Operators of ridehail platforms such as Lyft and Uber will likely be early-adopters of autonomous electric vehicles (AEVs), since AEVs promise to reduce costs, be safer, and more efficient. While studies on the operation of ridehail systems with AEVs exist, nearly all have ignored the need to recharge the vehicles during operation. We address this here in our work on the ridehail problem with AEVs (RP-AEV).
In the RP-AEV, a decision maker (DM) operates a fleet of AEVs that serve requests arising randomly throughout a region. The DM is responsible for assigning AEVs to requests, as well as repositioning and recharging AEVs in anticipation of future requests.

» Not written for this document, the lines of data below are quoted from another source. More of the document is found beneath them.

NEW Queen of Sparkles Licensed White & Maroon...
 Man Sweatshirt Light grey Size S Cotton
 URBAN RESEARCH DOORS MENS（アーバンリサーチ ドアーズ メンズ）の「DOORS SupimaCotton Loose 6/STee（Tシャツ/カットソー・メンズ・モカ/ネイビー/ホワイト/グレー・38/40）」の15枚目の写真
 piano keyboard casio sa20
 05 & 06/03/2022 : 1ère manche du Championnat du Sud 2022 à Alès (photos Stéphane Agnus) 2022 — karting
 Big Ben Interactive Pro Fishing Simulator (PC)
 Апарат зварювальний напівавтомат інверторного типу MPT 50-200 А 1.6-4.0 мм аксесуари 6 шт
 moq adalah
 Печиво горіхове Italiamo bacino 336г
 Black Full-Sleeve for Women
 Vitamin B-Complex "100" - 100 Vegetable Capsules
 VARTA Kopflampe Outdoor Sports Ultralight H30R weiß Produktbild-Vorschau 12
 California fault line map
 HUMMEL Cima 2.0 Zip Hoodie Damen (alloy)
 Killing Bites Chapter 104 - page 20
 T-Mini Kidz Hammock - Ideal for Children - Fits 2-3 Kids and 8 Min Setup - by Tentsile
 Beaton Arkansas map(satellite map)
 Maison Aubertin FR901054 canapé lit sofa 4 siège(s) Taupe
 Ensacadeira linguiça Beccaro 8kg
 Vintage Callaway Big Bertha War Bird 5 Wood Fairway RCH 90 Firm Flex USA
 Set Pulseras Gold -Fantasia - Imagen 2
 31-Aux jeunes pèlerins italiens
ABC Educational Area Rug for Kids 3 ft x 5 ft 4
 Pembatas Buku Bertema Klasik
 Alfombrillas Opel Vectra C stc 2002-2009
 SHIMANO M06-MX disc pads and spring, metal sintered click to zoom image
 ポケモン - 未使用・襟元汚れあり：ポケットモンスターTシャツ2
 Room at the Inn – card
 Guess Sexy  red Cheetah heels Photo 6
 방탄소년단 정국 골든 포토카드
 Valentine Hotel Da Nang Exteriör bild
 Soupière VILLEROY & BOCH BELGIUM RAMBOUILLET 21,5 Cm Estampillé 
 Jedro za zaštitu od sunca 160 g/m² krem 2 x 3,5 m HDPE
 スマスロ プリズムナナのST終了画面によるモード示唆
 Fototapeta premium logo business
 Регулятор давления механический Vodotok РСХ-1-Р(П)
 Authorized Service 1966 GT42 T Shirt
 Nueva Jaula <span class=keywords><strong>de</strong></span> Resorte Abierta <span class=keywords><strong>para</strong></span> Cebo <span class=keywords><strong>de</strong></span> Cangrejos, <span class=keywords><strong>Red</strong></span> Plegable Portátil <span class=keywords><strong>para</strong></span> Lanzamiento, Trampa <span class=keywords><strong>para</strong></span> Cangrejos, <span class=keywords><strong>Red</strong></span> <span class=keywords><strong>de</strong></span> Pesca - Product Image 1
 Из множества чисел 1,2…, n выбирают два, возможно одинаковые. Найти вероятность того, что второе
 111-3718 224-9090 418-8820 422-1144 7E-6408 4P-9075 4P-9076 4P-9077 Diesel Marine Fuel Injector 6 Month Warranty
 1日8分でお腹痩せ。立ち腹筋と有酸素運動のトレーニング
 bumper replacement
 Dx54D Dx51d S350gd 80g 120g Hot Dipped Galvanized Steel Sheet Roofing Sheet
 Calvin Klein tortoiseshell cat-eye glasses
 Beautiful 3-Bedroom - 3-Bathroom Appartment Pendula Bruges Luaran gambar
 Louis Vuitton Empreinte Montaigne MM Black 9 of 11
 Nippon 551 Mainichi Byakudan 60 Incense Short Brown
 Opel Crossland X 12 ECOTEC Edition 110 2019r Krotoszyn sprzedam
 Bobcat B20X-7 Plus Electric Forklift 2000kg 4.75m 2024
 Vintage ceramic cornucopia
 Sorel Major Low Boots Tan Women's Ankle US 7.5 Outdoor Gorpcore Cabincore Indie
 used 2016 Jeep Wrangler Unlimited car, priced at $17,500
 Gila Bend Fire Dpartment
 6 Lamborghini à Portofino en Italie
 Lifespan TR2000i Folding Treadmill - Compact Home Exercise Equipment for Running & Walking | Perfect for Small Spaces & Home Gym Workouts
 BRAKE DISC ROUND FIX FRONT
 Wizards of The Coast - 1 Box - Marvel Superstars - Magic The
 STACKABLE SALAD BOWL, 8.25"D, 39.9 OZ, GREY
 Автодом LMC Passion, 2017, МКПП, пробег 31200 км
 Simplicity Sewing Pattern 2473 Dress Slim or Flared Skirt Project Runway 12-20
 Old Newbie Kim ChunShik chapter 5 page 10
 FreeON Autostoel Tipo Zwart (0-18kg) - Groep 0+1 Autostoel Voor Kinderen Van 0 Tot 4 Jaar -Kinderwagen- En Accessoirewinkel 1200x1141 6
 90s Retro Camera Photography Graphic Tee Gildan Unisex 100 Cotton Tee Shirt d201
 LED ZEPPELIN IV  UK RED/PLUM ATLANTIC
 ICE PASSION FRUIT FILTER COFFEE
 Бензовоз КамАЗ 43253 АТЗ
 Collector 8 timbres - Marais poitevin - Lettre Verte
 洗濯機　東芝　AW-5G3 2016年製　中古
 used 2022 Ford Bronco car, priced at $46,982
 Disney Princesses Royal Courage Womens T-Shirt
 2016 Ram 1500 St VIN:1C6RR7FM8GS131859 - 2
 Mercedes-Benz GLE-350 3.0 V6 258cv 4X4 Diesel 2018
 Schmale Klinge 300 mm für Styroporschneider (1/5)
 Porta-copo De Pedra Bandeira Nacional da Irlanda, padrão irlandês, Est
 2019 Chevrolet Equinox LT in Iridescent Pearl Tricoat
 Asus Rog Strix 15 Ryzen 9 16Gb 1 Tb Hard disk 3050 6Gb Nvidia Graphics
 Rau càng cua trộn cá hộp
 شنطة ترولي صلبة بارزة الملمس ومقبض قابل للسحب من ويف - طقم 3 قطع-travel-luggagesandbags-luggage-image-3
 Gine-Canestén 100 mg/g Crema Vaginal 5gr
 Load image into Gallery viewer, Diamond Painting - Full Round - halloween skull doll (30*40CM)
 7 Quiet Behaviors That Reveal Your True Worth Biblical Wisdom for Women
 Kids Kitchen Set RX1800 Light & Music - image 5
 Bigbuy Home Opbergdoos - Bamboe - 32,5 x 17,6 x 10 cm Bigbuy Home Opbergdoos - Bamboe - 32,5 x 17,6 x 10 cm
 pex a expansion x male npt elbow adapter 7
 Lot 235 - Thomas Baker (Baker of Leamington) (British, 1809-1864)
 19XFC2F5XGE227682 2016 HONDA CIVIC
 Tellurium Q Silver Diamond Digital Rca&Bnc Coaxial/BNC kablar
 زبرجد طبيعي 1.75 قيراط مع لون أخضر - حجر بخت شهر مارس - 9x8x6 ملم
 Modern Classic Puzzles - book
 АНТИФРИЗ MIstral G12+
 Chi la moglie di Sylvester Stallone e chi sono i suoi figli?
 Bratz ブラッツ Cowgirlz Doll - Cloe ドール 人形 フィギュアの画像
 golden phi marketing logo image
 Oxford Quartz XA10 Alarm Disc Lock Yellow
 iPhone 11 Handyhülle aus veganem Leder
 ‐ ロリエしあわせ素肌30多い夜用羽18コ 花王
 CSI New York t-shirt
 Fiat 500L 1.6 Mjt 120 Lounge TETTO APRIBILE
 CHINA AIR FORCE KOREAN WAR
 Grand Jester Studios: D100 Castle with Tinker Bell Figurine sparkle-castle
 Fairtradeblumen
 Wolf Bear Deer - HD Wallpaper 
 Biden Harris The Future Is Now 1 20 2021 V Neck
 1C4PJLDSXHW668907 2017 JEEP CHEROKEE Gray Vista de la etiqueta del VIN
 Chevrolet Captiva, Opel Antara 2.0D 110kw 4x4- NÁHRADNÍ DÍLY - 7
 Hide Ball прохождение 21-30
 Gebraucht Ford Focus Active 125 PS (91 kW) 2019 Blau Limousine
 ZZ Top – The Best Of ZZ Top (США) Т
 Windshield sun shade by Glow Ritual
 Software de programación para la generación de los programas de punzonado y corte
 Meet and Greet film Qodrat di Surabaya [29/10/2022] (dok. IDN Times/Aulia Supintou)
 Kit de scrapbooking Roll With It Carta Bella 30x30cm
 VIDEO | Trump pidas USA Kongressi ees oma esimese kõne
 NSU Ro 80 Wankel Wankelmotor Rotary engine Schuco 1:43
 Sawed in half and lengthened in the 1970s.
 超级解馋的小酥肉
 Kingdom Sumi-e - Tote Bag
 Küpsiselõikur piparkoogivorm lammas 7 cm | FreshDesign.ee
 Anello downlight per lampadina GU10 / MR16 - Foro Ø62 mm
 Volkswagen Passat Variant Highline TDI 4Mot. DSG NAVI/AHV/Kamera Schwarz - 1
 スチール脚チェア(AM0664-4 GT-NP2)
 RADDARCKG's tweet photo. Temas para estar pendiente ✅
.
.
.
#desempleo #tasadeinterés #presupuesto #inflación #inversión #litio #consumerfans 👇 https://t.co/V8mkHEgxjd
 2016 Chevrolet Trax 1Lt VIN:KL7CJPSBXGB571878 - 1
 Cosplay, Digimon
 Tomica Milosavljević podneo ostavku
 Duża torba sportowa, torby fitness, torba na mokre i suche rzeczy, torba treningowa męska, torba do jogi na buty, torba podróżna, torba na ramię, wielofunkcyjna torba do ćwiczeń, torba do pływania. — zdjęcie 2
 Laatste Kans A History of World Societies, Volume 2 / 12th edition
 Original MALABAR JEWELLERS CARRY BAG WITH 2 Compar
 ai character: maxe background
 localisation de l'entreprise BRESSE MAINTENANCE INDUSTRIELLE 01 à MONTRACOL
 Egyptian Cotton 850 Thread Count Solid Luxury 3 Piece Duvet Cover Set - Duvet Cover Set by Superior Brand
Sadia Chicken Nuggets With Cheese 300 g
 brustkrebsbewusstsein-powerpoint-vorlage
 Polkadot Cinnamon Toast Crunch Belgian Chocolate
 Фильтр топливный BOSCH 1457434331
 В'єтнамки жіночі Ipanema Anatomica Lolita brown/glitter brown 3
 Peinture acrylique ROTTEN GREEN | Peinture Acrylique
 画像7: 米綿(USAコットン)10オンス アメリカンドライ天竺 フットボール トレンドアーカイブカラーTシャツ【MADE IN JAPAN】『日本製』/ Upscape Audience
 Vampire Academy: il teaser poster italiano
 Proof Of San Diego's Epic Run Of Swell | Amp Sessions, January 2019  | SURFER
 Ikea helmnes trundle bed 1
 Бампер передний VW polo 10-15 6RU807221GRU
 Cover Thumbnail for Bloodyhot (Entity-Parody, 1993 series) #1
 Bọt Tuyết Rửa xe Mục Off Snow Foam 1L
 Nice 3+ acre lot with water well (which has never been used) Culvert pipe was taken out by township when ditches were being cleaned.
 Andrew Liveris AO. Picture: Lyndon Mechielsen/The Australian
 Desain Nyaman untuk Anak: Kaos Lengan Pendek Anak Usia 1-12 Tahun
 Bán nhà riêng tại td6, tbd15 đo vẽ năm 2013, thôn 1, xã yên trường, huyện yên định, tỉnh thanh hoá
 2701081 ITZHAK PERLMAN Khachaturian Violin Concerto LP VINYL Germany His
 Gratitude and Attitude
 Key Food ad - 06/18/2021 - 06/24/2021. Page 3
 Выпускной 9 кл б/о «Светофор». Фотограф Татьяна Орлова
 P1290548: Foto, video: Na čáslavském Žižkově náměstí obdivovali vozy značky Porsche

We model the RP-AEV as a Markov decision process.
We compare classical approximate dynamic programming (ADP) solution methods with those of deep reinforcement learning (RL), which have garnered enthusiasm but achieved only limited success to date in operational problems. From ADP, we explore novel heuristic policies, both alone and combined with lookaheads. From RL, we build on the approach from Holler et al. (2018). We employ neural-networks (NNs) both to determine the state representation (with single-layer NNs) and to learn state-action value functions (with deep NNs) using Q-learning.
Additionally, we establish a dual bound to gauge the effectiveness of these approaches by calculating the expected value with perfect information. With perfect information, the RP-AEV may be decomposed so as to permit a solution via Benders decomposition, where the master problem assigns AEVs to requests, and the subproblem provides instructions for repositioning and recharging.